Much of Wood's suspicion stems from how decisions about Plan B were handled. Typically, lower-level directors determine whether a drug is suitable for over-the-counter use. For Plan B, several key players had determined that OTC status was appropriate. But in May 2004, Steven Galson, the director for the Center for Drug Evaluation and Research --- the FDA branch responsible for reviewing the drug --- wrote a letter saying that Plan B would not be approved for all women of childbearing age. The drug's manufacturers, he wrote, had to address the health needs of younger teens.

The FDA admits that Galson is not typically responsible for issuing such decisions. Its website reads: "Dr. Galson does not usually sign regulatory action letters. However, his opinion of the adequacy of the data in young adolescents differed from that of the review staff. He believes that additional data are needed."

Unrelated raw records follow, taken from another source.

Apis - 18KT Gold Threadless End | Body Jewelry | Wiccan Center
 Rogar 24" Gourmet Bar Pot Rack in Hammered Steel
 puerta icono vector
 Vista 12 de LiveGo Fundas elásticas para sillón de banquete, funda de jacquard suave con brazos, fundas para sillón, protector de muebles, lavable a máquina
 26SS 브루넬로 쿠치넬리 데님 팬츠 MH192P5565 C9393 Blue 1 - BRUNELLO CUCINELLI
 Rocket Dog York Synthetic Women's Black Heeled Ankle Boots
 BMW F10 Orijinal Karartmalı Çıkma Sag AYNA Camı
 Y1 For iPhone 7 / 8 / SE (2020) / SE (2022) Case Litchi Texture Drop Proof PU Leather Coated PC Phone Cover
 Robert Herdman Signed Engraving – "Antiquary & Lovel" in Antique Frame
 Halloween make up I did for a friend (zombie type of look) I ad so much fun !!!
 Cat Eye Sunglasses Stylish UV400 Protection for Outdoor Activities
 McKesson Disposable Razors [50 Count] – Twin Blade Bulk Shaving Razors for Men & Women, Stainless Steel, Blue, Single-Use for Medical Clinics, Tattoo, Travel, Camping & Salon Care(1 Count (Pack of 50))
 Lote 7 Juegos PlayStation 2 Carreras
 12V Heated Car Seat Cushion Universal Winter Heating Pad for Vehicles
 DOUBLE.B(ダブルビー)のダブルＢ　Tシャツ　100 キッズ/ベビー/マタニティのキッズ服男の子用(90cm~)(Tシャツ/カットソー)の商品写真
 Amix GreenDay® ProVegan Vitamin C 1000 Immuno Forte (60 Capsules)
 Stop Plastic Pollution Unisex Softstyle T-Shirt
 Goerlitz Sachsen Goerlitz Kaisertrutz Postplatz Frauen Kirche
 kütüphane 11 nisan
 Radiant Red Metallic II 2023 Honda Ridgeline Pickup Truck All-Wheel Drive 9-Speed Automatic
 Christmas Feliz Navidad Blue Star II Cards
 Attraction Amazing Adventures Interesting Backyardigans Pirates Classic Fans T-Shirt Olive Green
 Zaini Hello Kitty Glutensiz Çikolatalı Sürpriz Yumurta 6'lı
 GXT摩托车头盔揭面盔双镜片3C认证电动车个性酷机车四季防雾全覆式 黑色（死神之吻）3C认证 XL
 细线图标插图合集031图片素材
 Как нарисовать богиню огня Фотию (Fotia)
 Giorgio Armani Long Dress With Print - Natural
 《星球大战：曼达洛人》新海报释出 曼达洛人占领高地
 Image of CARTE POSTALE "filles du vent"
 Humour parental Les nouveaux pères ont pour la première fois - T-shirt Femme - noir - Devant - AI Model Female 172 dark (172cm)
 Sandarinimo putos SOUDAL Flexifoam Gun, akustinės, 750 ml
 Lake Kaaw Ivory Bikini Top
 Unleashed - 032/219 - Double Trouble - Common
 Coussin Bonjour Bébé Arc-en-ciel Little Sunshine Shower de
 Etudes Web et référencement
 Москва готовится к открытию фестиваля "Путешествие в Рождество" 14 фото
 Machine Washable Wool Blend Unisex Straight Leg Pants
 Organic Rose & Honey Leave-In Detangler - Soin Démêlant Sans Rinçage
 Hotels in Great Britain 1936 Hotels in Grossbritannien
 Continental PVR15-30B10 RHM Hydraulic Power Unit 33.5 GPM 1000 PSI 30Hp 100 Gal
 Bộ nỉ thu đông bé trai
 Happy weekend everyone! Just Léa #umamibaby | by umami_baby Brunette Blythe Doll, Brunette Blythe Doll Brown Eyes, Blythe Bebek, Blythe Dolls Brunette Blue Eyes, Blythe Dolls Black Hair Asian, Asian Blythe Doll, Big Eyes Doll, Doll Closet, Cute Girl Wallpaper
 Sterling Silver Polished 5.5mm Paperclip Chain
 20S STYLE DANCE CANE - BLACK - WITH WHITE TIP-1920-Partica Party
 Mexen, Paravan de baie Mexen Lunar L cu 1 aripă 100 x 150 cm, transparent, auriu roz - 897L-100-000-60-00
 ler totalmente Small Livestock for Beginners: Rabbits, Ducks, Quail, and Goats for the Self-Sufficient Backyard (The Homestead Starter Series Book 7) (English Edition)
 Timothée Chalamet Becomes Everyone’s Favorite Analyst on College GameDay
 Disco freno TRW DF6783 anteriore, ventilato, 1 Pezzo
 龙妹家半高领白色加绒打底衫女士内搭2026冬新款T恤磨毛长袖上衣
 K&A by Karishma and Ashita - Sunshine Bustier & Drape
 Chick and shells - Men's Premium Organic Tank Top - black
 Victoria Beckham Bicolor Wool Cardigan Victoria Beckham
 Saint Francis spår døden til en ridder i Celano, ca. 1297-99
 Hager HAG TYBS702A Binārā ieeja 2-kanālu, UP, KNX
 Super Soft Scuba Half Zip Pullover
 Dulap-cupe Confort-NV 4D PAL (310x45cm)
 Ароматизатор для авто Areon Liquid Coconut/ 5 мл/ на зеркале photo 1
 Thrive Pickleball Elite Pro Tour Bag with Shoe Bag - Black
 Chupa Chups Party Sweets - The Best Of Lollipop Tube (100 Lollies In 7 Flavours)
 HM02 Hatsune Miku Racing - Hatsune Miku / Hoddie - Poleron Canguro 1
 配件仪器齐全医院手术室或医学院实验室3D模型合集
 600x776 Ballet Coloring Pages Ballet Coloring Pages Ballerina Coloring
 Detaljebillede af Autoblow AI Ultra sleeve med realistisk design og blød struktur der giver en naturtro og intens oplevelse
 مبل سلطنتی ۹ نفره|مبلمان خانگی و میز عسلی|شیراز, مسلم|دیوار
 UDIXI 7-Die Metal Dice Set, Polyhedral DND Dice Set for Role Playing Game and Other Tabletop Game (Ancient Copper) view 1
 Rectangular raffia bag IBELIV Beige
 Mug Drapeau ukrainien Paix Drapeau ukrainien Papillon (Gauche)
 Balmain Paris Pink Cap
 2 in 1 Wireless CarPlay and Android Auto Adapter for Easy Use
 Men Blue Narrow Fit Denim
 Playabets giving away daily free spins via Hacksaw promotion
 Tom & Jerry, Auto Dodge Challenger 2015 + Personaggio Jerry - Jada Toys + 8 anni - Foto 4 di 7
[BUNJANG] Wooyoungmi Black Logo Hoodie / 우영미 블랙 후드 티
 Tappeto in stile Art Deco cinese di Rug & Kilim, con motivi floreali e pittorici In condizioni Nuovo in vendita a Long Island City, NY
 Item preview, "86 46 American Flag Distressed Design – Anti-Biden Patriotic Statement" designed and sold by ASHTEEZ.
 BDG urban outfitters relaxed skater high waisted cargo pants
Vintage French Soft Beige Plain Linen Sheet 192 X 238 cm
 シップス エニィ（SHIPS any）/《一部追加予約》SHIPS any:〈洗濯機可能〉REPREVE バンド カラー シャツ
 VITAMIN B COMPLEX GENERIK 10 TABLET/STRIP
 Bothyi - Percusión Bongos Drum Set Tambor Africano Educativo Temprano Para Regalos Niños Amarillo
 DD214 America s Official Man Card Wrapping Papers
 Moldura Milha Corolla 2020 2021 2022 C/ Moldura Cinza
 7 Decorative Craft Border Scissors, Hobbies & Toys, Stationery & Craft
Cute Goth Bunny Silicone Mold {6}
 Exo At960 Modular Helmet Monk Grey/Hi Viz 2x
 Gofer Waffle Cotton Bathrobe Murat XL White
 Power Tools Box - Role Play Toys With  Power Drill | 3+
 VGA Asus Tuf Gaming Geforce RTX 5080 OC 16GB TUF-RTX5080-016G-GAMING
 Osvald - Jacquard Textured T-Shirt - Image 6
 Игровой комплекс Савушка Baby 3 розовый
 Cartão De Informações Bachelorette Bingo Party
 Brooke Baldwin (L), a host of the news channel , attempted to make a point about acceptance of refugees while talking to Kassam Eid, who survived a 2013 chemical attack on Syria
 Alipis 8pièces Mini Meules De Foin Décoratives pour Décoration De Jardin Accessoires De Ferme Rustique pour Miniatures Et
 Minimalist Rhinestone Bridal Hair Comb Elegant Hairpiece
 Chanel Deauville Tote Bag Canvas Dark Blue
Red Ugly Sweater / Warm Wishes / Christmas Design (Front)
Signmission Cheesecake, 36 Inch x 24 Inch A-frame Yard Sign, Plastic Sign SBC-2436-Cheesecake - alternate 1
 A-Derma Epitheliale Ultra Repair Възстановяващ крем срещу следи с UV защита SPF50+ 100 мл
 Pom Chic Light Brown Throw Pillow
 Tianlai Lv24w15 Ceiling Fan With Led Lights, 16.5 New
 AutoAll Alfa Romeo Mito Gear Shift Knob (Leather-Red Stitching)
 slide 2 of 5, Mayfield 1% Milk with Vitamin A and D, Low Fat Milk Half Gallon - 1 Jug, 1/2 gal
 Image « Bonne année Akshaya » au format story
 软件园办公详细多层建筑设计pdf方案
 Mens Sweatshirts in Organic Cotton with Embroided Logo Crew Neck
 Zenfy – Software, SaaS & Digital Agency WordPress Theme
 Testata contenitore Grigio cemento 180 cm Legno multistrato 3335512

Wood also questions the advisory-committee selection process. While committee members are typically chosen by lower FDA personnel and approved by the commissioner --- a White House appointee requiring Senate approval --- he and his superiors have the authority to appoint their own members. Wood says that's exactly what happened with Hager. In 2001, she says, "the center put forward a slate of people and they were signed off, on but a few people were added, including Dr. David Hager."

Wood paints a bleak picture for the future. The FDA's decision regarding Plan B undermines both science and good governance, she says. And she believes a shadow has been cast over the FDA and all impartial government agencies.

"This is connected clearly to contraception and family planning and things like that," she says, "but it's also connected to the larger issues of how an agency that we count on so much is not making its decisions based on the evidence. We and the health professionals should be able to count on FDA, as well as other agencies, for factual information. People shouldn't have to sit there and worry: 'Is this information that's coming to me no longer based on the facts?'"

Perhaps most disturbing is Wood's concern that other drugs might get mired in the abstinence debate. For example, FDA officials are currently reviewing a vaccine to prevent the human papilloma virus, which is mainly spread through sexual contact. "This virus is linked very strongly to causing cervical cancer," Wood says. "There are two vaccines now pending before the agency. I can't say that I think anything funny is going to go on at the agency, but then again I can't assure you that it won't. These same people who are opposed to emergency contraception have also started to lay the groundwork for being opposed to the human papilloma virus vaccine."

If it's approved, says Wood, the vaccine would be administered at around age 11 or 12 when children receive other immunizations. But social conservatives, she says, "don't want it to be widely available and routinely given because it might counter the abstinence message."

And, she adds: "I just ask the question: If they're raising concerns about emergency contraception, and the same concerns get raised astoundingly about a vaccine that can prevent cervical cancer, what will happen if and when there's ever an AIDS vaccine?"